Ma, per quel che riguarda la mia vita, salute a parte, mi affido ai politici. Ognuno si attenga al proprio mestiere − sarete ben d’accordo. Gli imprenditori stiano nelle aziende, i comici nei teatri, gli imbecilli repubblicani alla casa bianca. Da che mondo è mondo, le cose van così.

Perciò, miei pargoli, ve lo ribadisco un’ultima volta per il vostro bene: non vale la pena conoscere anzitempo la morte e forse persino i trucchi delle mille rinascite possibili, è tutto troppo faticoso e improbabile. Indossate la corazza dell’ottusità e via, a vivere la vostra vita. E che sia solo vostra, inespressa, senza traccia criptata in qualche scatola nera, che sia vita concupita fino in fondo e non osi progettarsi come un dono (che a nessuno, peraltro, interesserebbe). Non sforzatevi di lanciare la coscienza oltre il corpo: non è ginnastica che fa per voi. Quando chiuderete gli occhi, non vi resterà che l’egoismo, se proprio qualcosa dovrà rimanere. Abituatevi subito, dunque. Non leggete. Non sprecate tempo. Come fate a sopportare ancora tutte quelle fregnacce da uomini dell’altro millennio che vi invitano a leggere per “ampliare il linguaggio”, per “trovare un senso nella storia”, per “cogliere i messaggi impliciti”?

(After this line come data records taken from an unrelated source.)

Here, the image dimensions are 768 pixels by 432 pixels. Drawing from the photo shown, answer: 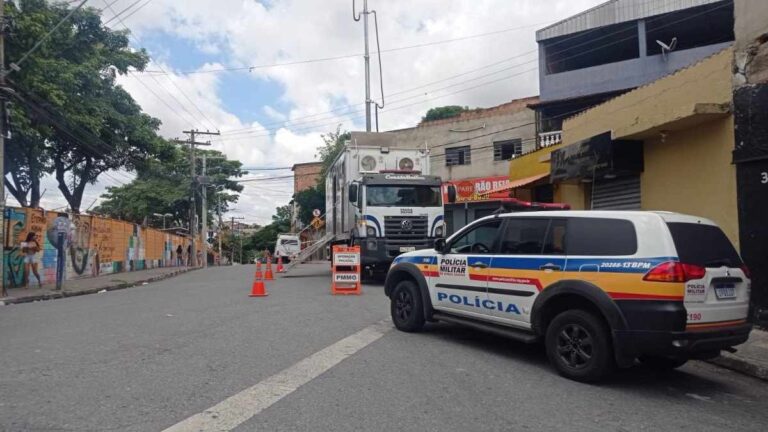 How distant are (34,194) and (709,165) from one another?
93.6ft

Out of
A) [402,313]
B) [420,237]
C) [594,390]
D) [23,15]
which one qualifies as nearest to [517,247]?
[594,390]

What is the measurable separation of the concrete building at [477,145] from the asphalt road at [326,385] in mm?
18403

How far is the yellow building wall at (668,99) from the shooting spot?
920cm

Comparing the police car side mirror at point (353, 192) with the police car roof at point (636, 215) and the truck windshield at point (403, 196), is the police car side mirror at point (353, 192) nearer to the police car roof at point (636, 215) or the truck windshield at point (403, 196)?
the truck windshield at point (403, 196)

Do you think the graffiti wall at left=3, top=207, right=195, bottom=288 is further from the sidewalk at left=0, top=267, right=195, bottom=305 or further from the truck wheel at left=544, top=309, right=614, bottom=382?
the truck wheel at left=544, top=309, right=614, bottom=382

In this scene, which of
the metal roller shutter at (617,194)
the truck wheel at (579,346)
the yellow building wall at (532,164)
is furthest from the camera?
the yellow building wall at (532,164)

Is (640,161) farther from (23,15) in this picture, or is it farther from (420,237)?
(23,15)

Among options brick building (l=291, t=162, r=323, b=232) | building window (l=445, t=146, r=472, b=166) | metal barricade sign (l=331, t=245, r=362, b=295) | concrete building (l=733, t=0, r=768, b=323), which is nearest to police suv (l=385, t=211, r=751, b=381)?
concrete building (l=733, t=0, r=768, b=323)

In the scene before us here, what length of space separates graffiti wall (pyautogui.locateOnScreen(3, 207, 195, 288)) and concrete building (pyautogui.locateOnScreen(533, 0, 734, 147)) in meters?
18.2

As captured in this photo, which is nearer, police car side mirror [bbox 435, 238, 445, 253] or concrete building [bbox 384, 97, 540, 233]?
police car side mirror [bbox 435, 238, 445, 253]

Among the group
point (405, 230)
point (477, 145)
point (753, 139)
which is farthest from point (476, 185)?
point (753, 139)

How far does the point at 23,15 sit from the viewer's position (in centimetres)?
2038

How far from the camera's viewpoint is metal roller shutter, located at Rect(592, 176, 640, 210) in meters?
12.0

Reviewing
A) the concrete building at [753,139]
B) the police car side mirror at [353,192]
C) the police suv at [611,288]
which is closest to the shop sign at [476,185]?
the police car side mirror at [353,192] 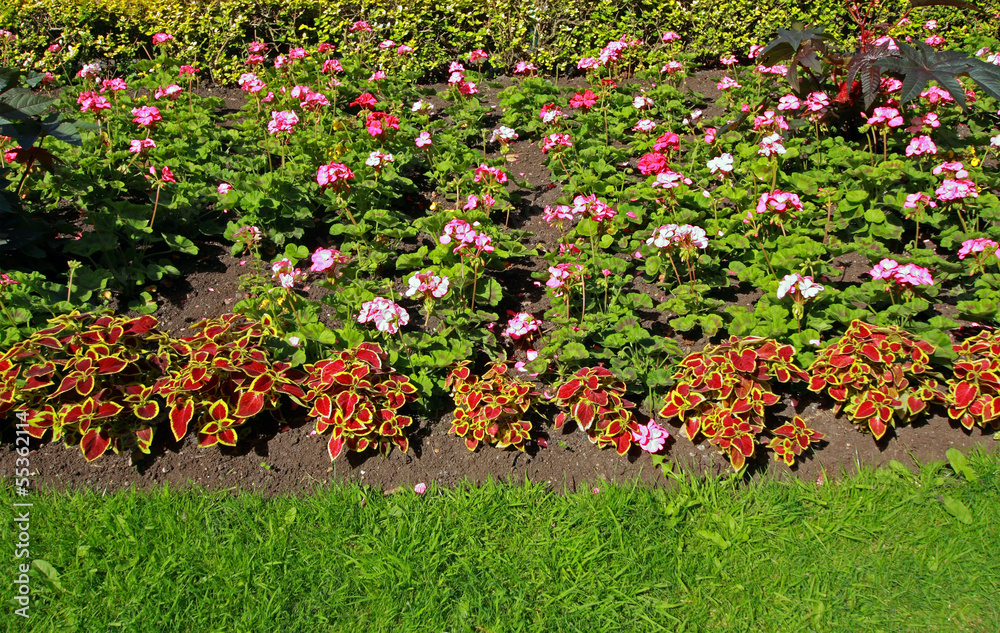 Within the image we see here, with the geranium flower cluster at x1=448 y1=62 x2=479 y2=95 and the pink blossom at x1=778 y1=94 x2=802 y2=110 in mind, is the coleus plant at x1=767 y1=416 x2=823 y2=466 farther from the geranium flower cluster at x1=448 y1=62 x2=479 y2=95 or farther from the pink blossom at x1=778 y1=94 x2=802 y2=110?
the geranium flower cluster at x1=448 y1=62 x2=479 y2=95

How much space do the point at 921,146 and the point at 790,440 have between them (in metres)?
Result: 2.14

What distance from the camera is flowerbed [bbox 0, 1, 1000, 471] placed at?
2973 mm

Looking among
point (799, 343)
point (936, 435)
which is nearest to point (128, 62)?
point (799, 343)

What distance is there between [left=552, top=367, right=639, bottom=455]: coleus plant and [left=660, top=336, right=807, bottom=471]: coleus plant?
0.58 ft

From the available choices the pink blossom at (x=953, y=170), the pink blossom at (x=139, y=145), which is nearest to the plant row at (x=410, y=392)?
the pink blossom at (x=953, y=170)

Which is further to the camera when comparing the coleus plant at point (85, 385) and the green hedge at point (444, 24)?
the green hedge at point (444, 24)

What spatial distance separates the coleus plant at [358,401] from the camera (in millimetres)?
2898

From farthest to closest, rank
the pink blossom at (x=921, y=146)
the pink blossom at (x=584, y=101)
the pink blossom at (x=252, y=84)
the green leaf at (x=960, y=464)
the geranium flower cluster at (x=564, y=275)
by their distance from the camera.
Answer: the pink blossom at (x=584, y=101) < the pink blossom at (x=252, y=84) < the pink blossom at (x=921, y=146) < the geranium flower cluster at (x=564, y=275) < the green leaf at (x=960, y=464)

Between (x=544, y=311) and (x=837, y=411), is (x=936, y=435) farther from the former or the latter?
(x=544, y=311)

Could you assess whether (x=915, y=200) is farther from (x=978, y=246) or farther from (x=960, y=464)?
(x=960, y=464)

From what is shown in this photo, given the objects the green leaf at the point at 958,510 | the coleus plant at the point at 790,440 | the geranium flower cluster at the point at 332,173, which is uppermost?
the geranium flower cluster at the point at 332,173

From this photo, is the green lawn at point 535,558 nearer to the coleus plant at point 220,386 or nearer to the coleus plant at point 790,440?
the coleus plant at point 790,440

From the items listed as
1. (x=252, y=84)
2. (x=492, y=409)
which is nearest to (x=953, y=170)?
(x=492, y=409)

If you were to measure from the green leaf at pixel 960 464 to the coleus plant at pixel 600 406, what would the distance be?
124cm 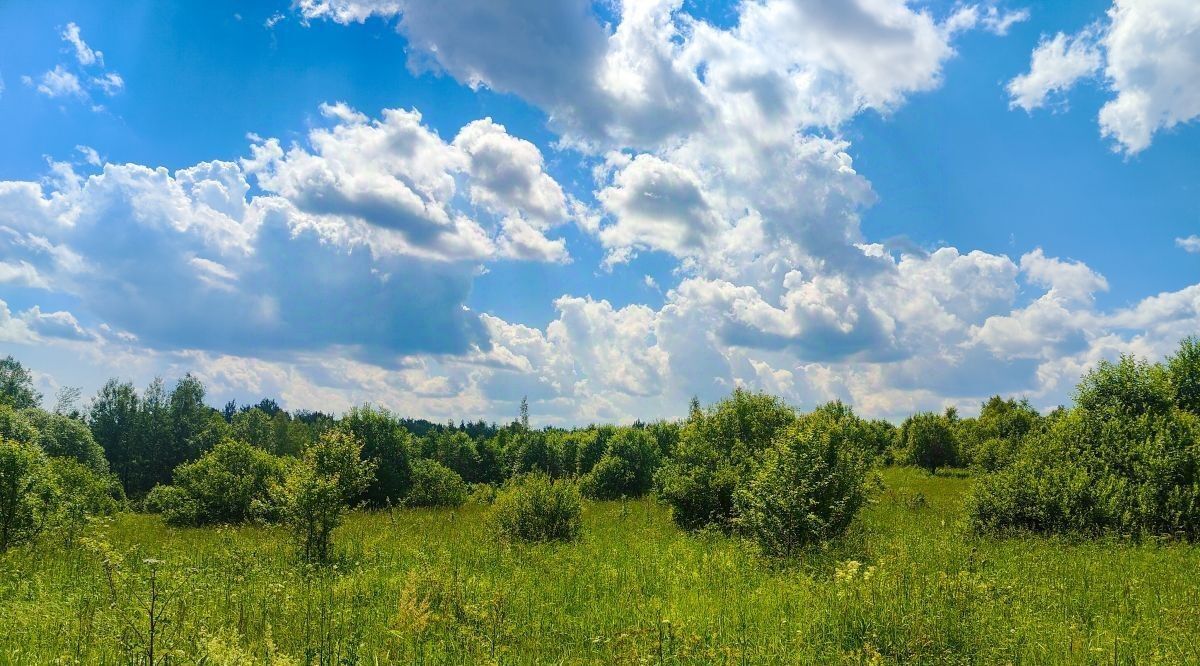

Nella vostra vita, fidatevi, non c’è niente di implicito. Siete come questa pagina: dietro non c’è nulla. E se proprio non siete ancora persuasi, se avete letto persino queste mie parole e non vi siete pentiti, fate la prova e passate al di là: sopravvivete a voi stessi, se ci riuscite.

Oplà. Atemwende. Doppiate la vostra nientità, miei cari, miei adorati, miei dannati figli di questo tempo − mai veramente nati.

Anzi no, vi supplico, tenetevi stretta la grazia di una morte che, quando giungerà, non troverà prove inconfutabili (persino da lei) della vostra esistenza.